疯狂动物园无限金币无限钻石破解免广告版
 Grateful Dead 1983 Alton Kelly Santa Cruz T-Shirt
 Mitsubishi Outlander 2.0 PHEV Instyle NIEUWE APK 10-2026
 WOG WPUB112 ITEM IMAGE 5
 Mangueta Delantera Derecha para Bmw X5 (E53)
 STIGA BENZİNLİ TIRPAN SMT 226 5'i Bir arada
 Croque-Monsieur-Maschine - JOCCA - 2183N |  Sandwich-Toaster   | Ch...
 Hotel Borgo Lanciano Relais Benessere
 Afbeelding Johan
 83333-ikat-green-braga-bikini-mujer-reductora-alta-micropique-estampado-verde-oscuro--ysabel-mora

◇ ◇ ◇ ◇ ◇ ◇ ◇

## Your instructions
Generate an exact reproduction of all entries.

## Worked solution
疯狂动物园无限金币无限钻石破解免广告版
 Grateful Dead 1983 Alton Kelly Santa Cruz T-Shirt
 Mitsubishi Outlander 2.0 PHEV Instyle NIEUWE APK 10-2026
 WOG WPUB112 ITEM IMAGE 5
 Mangueta Delantera Derecha para Bmw X5 (E53)
 STIGA BENZİNLİ TIRPAN SMT 226 5'i Bir arada
 Croque-Monsieur-Maschine - JOCCA - 2183N |  Sandwich-Toaster   | Ch...
 Hotel Borgo Lanciano Relais Benessere
 Afbeelding Johan
 83333-ikat-green-braga-bikini-mujer-reductora-alta-micropique-estampado-verde-oscuro--ysabel-mora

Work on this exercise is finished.